[Opening INFORMATION PROVIDED section]
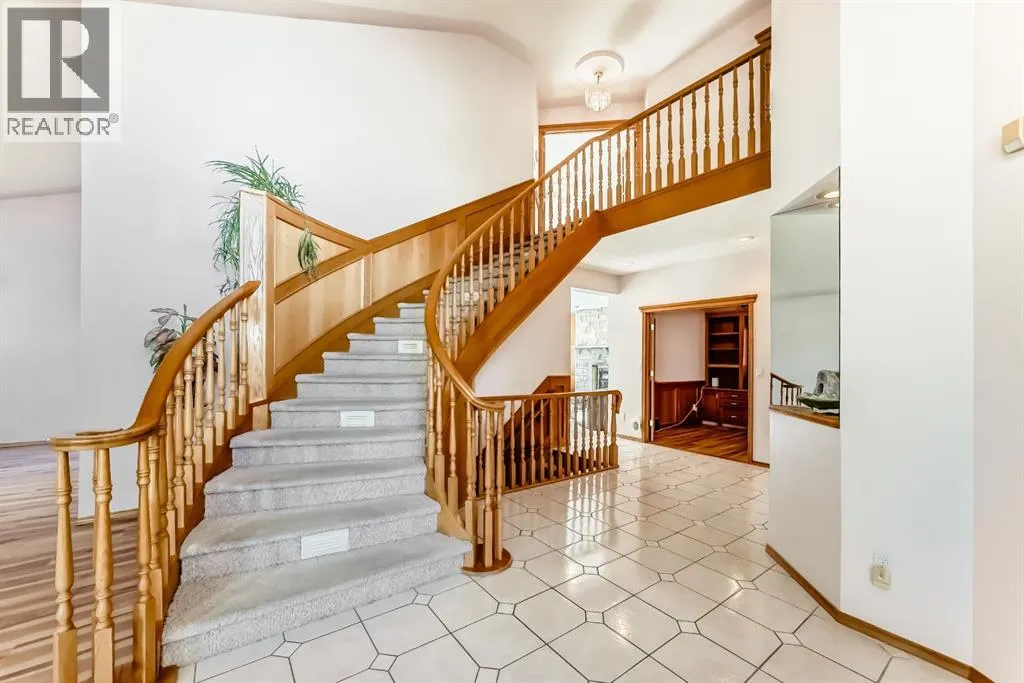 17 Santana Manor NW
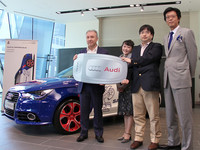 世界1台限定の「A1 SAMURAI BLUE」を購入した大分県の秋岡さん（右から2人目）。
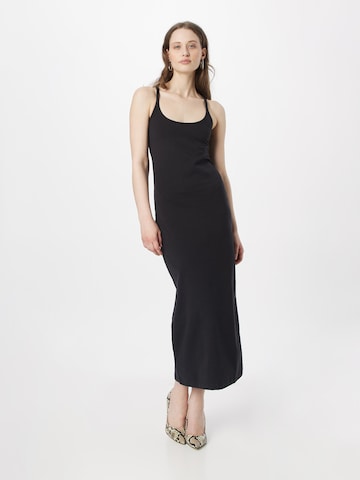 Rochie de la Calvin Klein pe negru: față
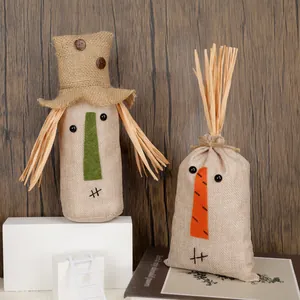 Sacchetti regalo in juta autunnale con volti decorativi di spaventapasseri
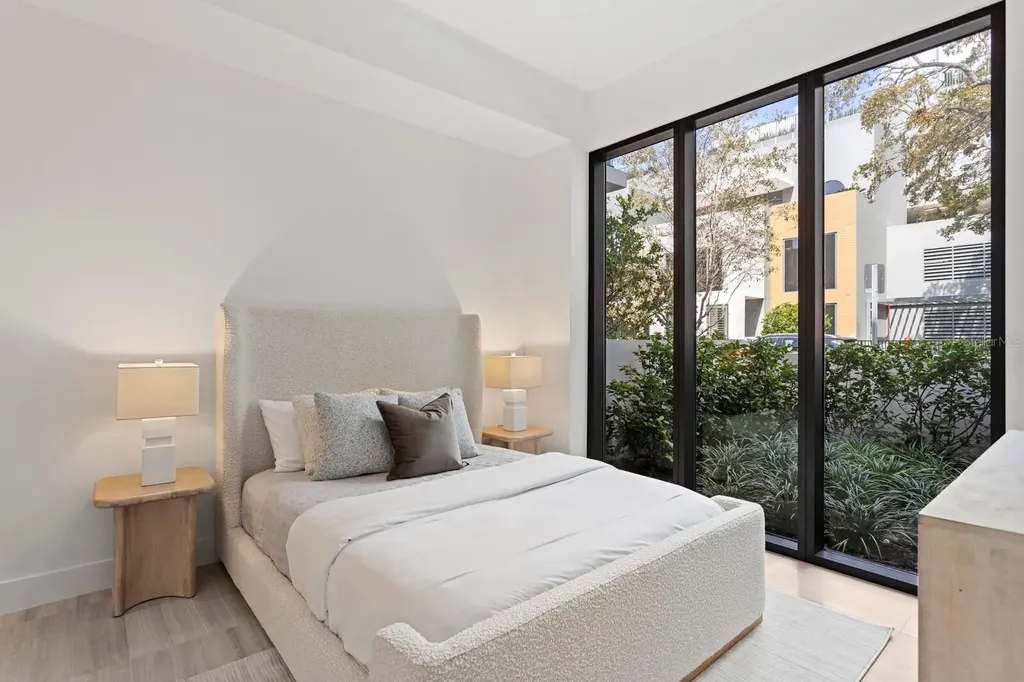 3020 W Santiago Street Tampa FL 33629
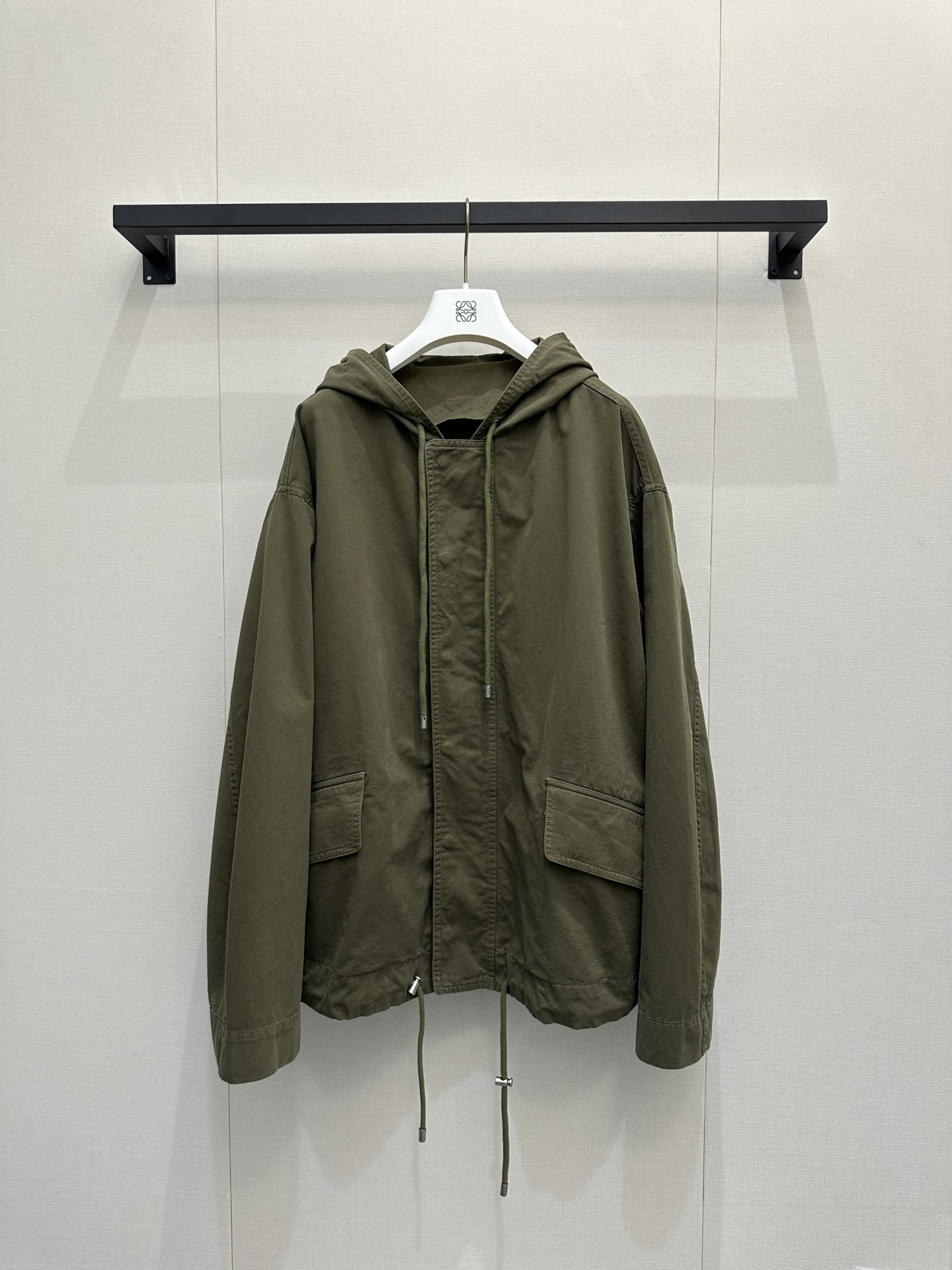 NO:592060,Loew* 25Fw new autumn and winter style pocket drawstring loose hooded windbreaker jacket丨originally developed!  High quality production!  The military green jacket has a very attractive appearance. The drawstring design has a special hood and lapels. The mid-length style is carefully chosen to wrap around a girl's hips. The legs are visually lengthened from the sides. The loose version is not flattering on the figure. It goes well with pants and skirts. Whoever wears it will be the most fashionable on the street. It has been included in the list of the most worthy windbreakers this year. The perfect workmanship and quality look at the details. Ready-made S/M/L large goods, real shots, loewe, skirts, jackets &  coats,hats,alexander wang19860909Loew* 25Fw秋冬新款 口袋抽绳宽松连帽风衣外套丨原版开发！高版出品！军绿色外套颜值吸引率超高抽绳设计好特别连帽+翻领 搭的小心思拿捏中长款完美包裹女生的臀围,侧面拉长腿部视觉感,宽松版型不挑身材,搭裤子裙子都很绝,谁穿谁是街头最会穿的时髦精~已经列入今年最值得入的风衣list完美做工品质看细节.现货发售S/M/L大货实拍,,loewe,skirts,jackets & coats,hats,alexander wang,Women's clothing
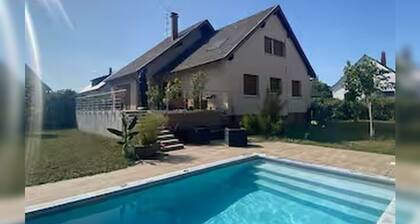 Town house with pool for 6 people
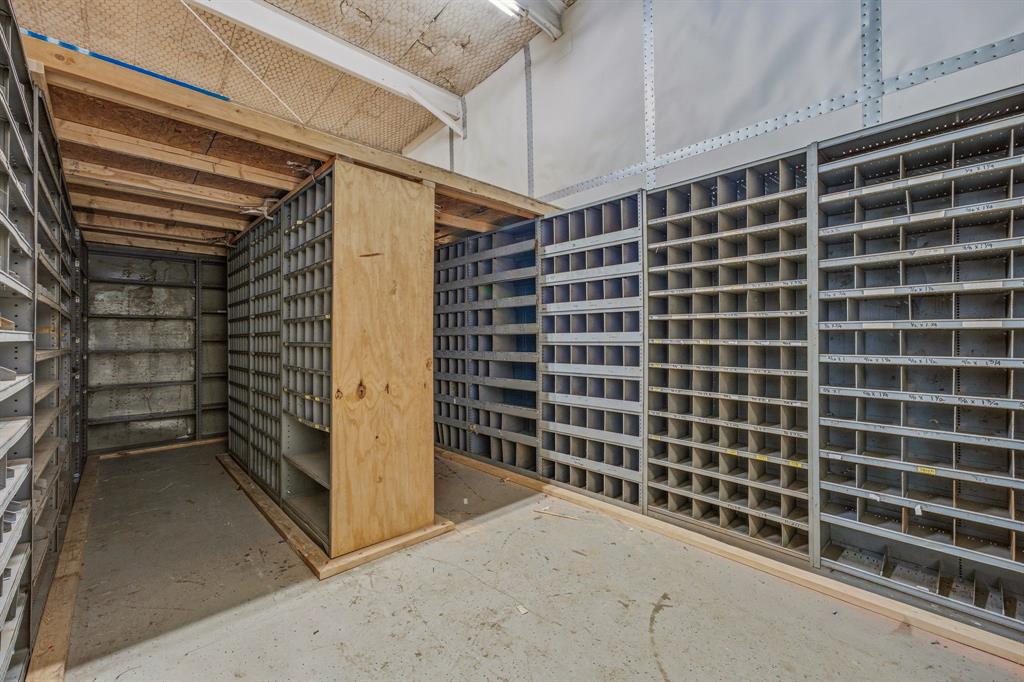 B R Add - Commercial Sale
[Closing INFORMATION PROVIDED section]
Print the data above verbatim from the first line through the line holding "3020 W Santiago Street Tampa FL 33629", leaving every picture out.

 17 Santana Manor NW
 世界1台限定の「A1 SAMURAI BLUE」を購入した大分県の秋岡さん（右から2人目）。
 Rochie de la Calvin Klein pe negru: față
 Sacchetti regalo in juta autunnale con volti decorativi di spaventapasseri
 3020 W Santiago Street Tampa FL 33629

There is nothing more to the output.